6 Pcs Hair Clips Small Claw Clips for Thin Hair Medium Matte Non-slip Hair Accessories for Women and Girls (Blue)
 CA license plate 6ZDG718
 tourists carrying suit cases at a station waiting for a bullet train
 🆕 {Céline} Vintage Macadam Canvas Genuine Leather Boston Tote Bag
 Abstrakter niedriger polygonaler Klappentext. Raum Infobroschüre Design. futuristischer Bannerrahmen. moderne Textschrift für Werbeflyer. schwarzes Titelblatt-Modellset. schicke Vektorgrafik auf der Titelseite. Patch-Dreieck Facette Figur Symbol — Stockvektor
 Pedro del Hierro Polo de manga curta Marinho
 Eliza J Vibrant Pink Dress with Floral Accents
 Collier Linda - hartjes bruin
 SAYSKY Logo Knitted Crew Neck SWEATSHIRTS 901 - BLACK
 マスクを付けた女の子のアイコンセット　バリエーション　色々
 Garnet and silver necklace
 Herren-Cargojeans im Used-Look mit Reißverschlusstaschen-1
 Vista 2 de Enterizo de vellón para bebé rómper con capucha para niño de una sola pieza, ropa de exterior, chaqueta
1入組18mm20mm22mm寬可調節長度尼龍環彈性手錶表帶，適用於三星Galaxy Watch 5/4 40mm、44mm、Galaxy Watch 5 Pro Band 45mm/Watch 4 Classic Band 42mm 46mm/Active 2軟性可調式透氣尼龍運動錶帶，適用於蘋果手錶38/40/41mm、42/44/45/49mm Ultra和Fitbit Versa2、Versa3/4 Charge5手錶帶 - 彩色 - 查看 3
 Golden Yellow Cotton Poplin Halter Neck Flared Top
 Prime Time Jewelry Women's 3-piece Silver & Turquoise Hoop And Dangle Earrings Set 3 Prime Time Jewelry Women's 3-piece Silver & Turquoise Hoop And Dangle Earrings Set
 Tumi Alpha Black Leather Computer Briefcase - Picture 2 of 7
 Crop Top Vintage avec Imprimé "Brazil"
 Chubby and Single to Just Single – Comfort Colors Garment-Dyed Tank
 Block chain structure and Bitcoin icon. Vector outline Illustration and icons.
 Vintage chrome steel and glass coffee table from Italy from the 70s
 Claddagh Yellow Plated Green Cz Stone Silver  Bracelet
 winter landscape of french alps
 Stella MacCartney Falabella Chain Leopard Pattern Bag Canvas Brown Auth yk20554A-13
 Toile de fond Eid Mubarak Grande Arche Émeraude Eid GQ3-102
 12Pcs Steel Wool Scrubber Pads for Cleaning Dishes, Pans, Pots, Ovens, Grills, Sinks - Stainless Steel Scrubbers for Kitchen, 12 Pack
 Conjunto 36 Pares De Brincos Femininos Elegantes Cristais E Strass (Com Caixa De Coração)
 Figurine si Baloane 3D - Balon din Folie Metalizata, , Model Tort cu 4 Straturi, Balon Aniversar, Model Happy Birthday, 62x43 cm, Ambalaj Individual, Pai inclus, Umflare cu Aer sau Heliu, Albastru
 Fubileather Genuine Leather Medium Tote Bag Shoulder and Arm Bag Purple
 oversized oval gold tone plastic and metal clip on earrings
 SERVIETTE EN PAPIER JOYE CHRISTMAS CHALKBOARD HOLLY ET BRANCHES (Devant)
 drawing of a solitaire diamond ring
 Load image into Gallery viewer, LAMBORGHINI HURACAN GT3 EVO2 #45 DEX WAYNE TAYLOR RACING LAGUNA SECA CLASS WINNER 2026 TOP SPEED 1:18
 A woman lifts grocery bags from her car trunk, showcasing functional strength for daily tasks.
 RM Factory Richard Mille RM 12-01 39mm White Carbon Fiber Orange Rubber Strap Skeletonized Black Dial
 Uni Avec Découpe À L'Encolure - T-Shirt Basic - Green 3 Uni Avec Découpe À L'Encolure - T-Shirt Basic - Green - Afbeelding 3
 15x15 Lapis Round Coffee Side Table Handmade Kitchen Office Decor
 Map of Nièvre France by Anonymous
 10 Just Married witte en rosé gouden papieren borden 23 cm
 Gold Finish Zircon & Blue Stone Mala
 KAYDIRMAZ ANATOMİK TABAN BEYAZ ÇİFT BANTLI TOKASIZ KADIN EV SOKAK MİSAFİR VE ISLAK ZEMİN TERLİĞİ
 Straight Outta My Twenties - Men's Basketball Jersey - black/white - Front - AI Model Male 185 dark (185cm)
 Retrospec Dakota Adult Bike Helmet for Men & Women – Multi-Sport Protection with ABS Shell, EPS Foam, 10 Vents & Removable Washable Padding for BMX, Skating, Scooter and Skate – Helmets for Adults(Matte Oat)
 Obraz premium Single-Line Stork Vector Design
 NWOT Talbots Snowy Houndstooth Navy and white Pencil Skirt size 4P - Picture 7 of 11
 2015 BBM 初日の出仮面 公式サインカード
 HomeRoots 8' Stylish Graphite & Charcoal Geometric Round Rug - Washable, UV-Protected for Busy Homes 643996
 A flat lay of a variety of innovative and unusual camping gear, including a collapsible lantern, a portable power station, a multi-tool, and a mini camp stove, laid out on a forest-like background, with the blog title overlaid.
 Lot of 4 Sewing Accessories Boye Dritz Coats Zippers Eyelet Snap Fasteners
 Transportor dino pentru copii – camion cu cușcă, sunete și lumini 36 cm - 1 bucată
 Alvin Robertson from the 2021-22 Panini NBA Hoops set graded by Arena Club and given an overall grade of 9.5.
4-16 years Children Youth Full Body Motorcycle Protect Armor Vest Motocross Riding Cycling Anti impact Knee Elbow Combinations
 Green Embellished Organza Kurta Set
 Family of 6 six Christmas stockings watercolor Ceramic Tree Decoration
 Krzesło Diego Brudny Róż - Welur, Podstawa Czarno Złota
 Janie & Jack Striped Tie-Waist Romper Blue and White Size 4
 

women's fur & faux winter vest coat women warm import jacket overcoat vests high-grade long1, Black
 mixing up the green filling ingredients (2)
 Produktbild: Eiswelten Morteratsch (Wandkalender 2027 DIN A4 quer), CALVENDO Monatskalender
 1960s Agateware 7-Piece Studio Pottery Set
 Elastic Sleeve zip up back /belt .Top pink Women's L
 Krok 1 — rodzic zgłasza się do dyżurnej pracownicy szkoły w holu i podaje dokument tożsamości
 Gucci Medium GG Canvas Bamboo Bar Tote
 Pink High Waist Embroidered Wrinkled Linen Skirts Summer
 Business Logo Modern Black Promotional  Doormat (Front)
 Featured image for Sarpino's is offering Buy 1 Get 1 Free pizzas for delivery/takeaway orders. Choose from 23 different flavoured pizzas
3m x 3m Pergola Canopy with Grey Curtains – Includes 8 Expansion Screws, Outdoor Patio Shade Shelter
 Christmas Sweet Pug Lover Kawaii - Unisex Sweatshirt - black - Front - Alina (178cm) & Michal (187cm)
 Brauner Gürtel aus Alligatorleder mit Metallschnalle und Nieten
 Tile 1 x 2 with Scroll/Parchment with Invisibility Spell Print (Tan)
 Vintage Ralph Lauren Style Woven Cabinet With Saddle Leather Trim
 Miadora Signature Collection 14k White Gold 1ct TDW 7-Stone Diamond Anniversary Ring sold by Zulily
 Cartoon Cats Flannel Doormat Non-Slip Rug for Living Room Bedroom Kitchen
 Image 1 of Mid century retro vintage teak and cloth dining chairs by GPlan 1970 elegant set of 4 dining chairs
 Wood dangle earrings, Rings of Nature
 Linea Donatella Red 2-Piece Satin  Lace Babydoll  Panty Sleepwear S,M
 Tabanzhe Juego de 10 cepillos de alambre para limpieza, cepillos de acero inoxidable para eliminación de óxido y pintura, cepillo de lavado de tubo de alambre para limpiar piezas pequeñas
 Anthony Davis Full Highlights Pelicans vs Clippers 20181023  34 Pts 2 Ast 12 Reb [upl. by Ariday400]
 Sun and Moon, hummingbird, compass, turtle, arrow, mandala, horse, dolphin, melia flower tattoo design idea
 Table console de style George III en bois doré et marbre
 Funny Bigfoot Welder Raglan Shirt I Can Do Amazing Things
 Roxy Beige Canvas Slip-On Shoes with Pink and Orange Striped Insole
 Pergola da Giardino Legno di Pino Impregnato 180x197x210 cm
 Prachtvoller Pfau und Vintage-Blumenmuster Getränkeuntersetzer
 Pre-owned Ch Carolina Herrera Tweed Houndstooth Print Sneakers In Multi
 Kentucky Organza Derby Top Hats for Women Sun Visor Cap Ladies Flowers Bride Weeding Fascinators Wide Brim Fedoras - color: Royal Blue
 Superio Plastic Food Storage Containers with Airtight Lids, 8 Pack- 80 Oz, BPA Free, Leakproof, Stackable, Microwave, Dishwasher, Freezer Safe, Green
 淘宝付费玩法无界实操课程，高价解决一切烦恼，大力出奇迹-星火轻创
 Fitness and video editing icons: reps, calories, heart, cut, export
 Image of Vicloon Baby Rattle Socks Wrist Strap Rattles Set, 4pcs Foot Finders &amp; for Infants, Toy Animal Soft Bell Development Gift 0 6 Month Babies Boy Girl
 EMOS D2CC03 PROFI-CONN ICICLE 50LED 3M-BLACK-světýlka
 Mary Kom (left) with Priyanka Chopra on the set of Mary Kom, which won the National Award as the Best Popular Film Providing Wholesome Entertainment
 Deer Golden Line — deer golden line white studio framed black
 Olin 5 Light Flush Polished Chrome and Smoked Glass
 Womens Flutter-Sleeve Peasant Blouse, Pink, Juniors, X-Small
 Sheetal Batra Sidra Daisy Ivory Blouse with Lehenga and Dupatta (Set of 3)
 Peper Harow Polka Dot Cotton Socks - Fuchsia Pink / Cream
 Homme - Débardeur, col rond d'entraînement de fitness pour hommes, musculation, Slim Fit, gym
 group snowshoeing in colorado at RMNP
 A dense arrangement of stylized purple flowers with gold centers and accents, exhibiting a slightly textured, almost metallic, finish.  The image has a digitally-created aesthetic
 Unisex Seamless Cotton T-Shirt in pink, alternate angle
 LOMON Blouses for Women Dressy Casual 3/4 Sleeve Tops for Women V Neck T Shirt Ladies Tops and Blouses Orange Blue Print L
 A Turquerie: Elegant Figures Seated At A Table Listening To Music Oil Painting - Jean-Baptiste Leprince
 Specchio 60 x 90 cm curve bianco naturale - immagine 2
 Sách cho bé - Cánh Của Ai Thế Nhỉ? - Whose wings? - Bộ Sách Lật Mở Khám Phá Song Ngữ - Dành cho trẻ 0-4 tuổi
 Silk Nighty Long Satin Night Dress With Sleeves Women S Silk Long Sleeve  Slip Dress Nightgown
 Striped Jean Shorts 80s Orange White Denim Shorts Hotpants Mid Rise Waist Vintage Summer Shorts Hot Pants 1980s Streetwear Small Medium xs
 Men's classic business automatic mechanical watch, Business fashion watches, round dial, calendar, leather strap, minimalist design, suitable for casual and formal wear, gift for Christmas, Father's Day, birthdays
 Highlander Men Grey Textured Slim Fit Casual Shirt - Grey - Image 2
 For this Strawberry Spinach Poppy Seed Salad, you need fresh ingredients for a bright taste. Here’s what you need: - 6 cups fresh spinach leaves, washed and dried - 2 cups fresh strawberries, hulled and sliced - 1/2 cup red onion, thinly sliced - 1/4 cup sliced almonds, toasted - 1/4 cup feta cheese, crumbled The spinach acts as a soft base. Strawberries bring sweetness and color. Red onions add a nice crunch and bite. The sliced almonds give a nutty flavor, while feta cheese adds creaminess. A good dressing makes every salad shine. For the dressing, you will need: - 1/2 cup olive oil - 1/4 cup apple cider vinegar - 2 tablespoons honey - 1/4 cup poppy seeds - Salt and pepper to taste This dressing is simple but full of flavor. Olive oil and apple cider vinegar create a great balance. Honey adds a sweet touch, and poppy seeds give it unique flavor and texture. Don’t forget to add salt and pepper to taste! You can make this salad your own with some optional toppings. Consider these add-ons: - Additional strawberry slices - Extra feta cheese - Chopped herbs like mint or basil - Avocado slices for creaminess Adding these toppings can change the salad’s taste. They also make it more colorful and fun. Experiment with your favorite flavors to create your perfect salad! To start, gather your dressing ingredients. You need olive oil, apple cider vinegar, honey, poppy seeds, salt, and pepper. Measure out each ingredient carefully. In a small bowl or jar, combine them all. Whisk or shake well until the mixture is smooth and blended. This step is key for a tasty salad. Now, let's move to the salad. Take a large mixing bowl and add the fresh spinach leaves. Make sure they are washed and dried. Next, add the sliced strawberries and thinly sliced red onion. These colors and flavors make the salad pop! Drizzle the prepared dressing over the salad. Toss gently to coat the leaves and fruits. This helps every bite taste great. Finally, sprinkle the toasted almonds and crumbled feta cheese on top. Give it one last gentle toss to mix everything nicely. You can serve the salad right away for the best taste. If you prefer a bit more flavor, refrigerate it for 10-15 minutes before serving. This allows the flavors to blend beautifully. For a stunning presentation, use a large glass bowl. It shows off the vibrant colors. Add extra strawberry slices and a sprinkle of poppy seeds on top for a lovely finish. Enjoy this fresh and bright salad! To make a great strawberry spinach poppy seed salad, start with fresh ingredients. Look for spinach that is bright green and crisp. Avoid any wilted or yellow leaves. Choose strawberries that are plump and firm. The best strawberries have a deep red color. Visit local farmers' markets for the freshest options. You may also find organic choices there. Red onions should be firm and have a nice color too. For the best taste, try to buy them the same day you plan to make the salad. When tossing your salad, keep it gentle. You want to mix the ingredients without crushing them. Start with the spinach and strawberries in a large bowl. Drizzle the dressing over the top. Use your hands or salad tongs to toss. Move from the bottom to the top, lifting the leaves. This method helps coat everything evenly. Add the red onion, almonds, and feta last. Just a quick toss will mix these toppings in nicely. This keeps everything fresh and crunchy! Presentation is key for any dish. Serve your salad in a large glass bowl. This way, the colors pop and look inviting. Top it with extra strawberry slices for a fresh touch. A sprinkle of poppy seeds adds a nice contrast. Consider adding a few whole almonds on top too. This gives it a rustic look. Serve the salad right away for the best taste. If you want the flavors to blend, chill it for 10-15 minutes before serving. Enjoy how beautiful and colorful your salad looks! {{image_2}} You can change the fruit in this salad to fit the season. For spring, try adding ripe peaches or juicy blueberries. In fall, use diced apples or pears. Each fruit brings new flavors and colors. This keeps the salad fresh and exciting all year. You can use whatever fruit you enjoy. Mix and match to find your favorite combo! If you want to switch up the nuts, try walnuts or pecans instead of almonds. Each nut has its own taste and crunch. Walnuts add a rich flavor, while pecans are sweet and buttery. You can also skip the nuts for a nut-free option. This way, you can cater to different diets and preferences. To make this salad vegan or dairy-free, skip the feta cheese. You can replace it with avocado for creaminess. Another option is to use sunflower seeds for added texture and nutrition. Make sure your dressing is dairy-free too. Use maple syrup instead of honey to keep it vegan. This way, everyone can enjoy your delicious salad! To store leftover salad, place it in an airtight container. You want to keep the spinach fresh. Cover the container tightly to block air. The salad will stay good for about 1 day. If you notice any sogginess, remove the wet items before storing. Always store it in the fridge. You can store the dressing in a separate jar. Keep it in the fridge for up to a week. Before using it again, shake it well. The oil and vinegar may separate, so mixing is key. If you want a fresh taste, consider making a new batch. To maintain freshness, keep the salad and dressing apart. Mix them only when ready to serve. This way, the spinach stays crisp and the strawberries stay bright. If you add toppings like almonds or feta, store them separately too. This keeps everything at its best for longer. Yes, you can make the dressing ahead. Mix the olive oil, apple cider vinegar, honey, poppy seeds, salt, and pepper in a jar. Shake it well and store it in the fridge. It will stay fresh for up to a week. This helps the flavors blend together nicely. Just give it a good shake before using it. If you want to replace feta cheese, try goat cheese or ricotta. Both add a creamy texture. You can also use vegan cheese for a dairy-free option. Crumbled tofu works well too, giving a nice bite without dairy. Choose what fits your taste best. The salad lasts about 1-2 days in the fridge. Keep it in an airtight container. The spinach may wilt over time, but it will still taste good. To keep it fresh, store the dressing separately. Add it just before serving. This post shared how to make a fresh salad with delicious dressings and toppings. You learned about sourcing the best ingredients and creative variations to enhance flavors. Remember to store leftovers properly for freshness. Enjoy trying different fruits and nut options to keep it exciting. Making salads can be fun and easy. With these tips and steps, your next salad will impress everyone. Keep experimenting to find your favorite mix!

▶ [Your instructions] Among the entries above, locate the lines containing "Pre-owned Ch Carolina" and "A Turquerie: Elegant", and transcribe exactly those two lines and all lines between.

▶ [Answer for this exercise]
 Pre-owned Ch Carolina Herrera Tweed Houndstooth Print Sneakers In Multi
 Kentucky Organza Derby Top Hats for Women Sun Visor Cap Ladies Flowers Bride Weeding Fascinators Wide Brim Fedoras - color: Royal Blue
 Superio Plastic Food Storage Containers with Airtight Lids, 8 Pack- 80 Oz, BPA Free, Leakproof, Stackable, Microwave, Dishwasher, Freezer Safe, Green
 淘宝付费玩法无界实操课程，高价解决一切烦恼，大力出奇迹-星火轻创
 Fitness and video editing icons: reps, calories, heart, cut, export
 Image of Vicloon Baby Rattle Socks Wrist Strap Rattles Set, 4pcs Foot Finders &amp; for Infants, Toy Animal Soft Bell Development Gift 0 6 Month Babies Boy Girl
 EMOS D2CC03 PROFI-CONN ICICLE 50LED 3M-BLACK-světýlka
 Mary Kom (left) with Priyanka Chopra on the set of Mary Kom, which won the National Award as the Best Popular Film Providing Wholesome Entertainment
 Deer Golden Line — deer golden line white studio framed black
 Olin 5 Light Flush Polished Chrome and Smoked Glass
 Womens Flutter-Sleeve Peasant Blouse, Pink, Juniors, X-Small
 Sheetal Batra Sidra Daisy Ivory Blouse with Lehenga and Dupatta (Set of 3)
 Peper Harow Polka Dot Cotton Socks - Fuchsia Pink / Cream
 Homme - Débardeur, col rond d'entraînement de fitness pour hommes, musculation, Slim Fit, gym
 group snowshoeing in colorado at RMNP
 A dense arrangement of stylized purple flowers with gold centers and accents, exhibiting a slightly textured, almost metallic, finish.  The image has a digitally-created aesthetic
 Unisex Seamless Cotton T-Shirt in pink, alternate angle
 LOMON Blouses for Women Dressy Casual 3/4 Sleeve Tops for Women V Neck T Shirt Ladies Tops and Blouses Orange Blue Print L
 A Turquerie: Elegant Figures Seated At A Table Listening To Music Oil Painting - Jean-Baptiste Leprince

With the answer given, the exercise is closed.